Research Group & Team:

The research will be conducted in the PreDICT (https://predict.idlab.ugent.be/) research team, which is part of the IDLab (https://idlab.ugent.be/) research group of Ghent University, and embedded into AI and Algorithms horizontal program of imec.  The PhD will be supervised by Prof. Sofie van Hoecke, Prof. Femke Ongenae, Francisco Souza & Stefan Lefever.
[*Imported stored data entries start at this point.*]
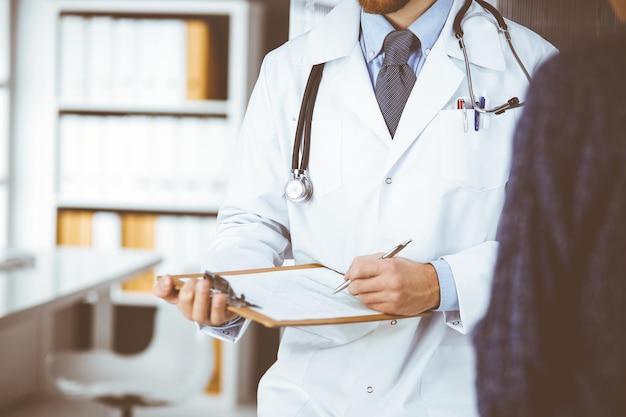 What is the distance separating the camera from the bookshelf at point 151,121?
3.33 metres

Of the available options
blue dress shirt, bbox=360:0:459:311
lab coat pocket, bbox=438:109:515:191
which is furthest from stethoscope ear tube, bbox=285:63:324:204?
lab coat pocket, bbox=438:109:515:191

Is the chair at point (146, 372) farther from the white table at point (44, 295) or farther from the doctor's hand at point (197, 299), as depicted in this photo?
the doctor's hand at point (197, 299)

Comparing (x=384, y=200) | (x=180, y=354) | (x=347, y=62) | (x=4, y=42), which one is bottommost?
(x=180, y=354)

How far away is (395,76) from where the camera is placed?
1.25 metres

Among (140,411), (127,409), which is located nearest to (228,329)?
(127,409)

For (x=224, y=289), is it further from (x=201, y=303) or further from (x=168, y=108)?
(x=168, y=108)

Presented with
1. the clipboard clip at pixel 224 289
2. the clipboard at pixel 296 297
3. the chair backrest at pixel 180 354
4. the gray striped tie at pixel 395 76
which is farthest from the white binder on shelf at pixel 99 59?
the clipboard clip at pixel 224 289

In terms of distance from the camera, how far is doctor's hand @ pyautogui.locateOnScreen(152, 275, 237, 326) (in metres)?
1.00

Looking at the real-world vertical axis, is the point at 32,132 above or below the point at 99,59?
below

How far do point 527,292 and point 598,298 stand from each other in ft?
0.16

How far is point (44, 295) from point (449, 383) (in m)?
1.44

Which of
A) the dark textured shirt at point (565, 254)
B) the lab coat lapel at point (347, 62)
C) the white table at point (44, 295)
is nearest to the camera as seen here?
the dark textured shirt at point (565, 254)

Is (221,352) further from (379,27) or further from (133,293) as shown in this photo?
(379,27)

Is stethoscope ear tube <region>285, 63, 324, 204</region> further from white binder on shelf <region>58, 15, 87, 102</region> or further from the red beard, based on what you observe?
white binder on shelf <region>58, 15, 87, 102</region> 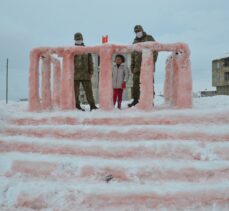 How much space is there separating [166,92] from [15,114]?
485 cm

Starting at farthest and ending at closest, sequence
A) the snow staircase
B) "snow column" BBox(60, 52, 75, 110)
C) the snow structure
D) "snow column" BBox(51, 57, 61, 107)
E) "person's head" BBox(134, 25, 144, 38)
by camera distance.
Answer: "snow column" BBox(51, 57, 61, 107)
"person's head" BBox(134, 25, 144, 38)
"snow column" BBox(60, 52, 75, 110)
the snow structure
the snow staircase

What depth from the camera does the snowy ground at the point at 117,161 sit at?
17.3ft

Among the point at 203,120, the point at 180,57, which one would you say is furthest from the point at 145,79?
the point at 203,120

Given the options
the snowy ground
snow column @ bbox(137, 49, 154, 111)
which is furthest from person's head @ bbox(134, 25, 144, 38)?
the snowy ground

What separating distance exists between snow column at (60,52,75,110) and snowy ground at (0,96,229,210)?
1066 mm

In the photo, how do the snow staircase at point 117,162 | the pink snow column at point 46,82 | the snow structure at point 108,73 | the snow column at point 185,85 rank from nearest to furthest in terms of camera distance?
the snow staircase at point 117,162, the snow structure at point 108,73, the snow column at point 185,85, the pink snow column at point 46,82

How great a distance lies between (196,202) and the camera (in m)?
5.21

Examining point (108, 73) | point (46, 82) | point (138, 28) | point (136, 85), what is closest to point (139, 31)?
point (138, 28)

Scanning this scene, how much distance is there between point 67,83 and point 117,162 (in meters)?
3.43

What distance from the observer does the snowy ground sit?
207 inches

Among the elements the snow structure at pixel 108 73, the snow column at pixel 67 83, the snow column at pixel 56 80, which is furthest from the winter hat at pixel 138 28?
the snow column at pixel 56 80

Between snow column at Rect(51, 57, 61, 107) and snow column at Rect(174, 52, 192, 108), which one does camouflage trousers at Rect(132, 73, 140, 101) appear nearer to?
snow column at Rect(174, 52, 192, 108)

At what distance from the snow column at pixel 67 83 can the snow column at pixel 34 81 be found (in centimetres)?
70

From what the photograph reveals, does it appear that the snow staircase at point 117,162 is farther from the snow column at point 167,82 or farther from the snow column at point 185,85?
the snow column at point 167,82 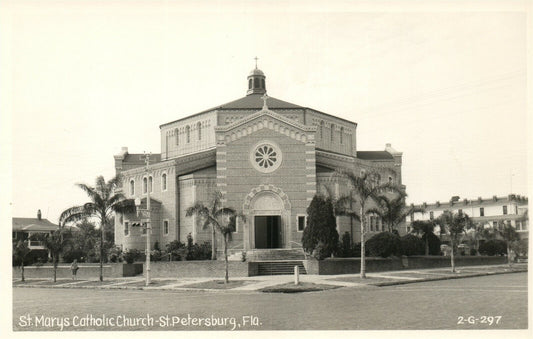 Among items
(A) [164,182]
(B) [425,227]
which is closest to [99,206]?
(A) [164,182]

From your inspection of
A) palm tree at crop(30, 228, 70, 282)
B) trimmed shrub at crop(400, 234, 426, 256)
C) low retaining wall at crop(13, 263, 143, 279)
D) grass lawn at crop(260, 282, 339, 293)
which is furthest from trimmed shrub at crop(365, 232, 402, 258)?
palm tree at crop(30, 228, 70, 282)

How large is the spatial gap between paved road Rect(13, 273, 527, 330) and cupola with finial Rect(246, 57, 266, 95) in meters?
31.7

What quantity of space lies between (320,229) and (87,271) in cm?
1600

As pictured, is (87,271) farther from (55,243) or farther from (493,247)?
(493,247)

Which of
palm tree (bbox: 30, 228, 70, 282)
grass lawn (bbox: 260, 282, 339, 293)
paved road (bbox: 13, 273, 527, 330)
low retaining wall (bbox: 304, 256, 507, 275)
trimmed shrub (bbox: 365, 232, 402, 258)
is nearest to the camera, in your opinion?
paved road (bbox: 13, 273, 527, 330)

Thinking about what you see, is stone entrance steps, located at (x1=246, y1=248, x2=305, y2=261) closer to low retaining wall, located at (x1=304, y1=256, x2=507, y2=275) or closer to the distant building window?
the distant building window

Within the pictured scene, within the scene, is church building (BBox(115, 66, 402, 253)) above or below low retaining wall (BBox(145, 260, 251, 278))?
above

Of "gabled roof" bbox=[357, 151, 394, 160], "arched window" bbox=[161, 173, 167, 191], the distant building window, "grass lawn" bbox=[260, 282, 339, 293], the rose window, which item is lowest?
"grass lawn" bbox=[260, 282, 339, 293]

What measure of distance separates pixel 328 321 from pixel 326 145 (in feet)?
123

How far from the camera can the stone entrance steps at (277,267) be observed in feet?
137

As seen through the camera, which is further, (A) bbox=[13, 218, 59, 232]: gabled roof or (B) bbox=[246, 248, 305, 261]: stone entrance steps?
(A) bbox=[13, 218, 59, 232]: gabled roof

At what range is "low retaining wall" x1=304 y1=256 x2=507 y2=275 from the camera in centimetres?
4144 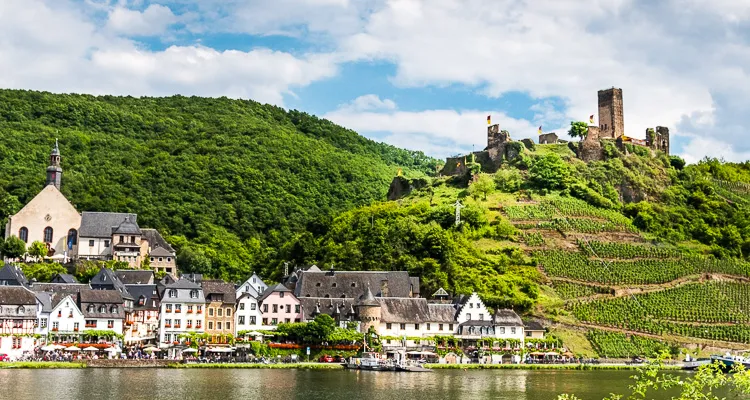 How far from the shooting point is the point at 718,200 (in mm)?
140250

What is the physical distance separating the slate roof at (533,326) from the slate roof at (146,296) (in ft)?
114

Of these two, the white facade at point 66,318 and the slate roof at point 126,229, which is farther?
the slate roof at point 126,229

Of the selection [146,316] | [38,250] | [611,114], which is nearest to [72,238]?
[38,250]

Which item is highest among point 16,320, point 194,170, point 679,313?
point 194,170

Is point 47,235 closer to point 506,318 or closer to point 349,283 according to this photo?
point 349,283

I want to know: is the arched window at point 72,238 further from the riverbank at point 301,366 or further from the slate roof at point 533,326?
the slate roof at point 533,326

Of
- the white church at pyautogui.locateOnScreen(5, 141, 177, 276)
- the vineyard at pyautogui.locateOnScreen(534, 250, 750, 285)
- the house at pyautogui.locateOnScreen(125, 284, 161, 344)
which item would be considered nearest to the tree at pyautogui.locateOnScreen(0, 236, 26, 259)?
the white church at pyautogui.locateOnScreen(5, 141, 177, 276)

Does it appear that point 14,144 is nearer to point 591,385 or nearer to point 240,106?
point 240,106

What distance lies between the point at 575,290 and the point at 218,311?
38.1m

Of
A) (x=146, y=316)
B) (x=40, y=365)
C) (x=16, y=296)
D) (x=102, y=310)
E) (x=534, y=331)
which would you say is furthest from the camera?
(x=534, y=331)

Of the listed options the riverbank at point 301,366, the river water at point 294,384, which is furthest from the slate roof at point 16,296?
the river water at point 294,384

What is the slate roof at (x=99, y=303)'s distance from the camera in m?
86.1

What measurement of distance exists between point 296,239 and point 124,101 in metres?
72.1

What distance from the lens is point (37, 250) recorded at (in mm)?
107562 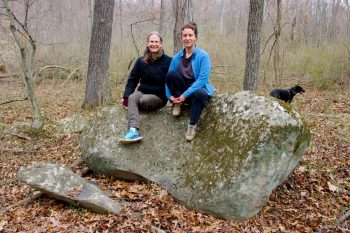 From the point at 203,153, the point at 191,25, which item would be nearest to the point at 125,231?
the point at 203,153

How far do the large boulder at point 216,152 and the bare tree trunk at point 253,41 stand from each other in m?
3.66

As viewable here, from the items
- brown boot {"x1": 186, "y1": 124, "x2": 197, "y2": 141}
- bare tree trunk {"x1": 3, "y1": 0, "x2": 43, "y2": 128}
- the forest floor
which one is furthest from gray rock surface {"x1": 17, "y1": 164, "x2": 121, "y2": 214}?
bare tree trunk {"x1": 3, "y1": 0, "x2": 43, "y2": 128}

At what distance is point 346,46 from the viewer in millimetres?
11727

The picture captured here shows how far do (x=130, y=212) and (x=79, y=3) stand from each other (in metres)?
23.3

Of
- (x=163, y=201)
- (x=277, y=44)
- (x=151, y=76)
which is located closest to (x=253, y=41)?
(x=277, y=44)

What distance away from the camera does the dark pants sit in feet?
14.5

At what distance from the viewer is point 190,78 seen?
456 cm

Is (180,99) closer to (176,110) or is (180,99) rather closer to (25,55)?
(176,110)

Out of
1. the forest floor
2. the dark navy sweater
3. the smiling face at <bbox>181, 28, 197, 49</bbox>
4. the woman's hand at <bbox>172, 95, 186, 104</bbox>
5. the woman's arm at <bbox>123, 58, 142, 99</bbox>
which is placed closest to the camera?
the forest floor

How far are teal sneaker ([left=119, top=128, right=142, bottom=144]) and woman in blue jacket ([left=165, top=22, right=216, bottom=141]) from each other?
71 centimetres

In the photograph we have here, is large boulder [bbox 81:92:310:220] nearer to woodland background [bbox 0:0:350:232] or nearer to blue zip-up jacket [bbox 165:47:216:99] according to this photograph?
woodland background [bbox 0:0:350:232]

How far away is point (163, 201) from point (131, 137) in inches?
40.9

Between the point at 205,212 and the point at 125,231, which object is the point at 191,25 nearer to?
the point at 205,212

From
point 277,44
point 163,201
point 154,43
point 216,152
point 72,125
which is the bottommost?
point 163,201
To ensure close alignment with the semiconductor manufacturing processes and research roadmap, close collaboration with other imec stakeholders will be maintained during the PhD, e.g. Dries Dictus, Bappaditya Dey, and Joris Vanderschrick.

 

The PhD student will be located both in Ghent (IDLab research group, Technologiepark Zwijnaarde) and Leuven (imec Leuven).


Required background: AI / ML computer science background

Type of work: 10% literature study, 60% AI modelling, 30% experimentation/evaluation

Supervisor: Femke Ongenae

Co-supervisor: Francisco Souza

Daily advisor: Stefan Lefever, Sofie Van Hoecke

The reference code for this position is 2026-058. Mention this reference code on your application form.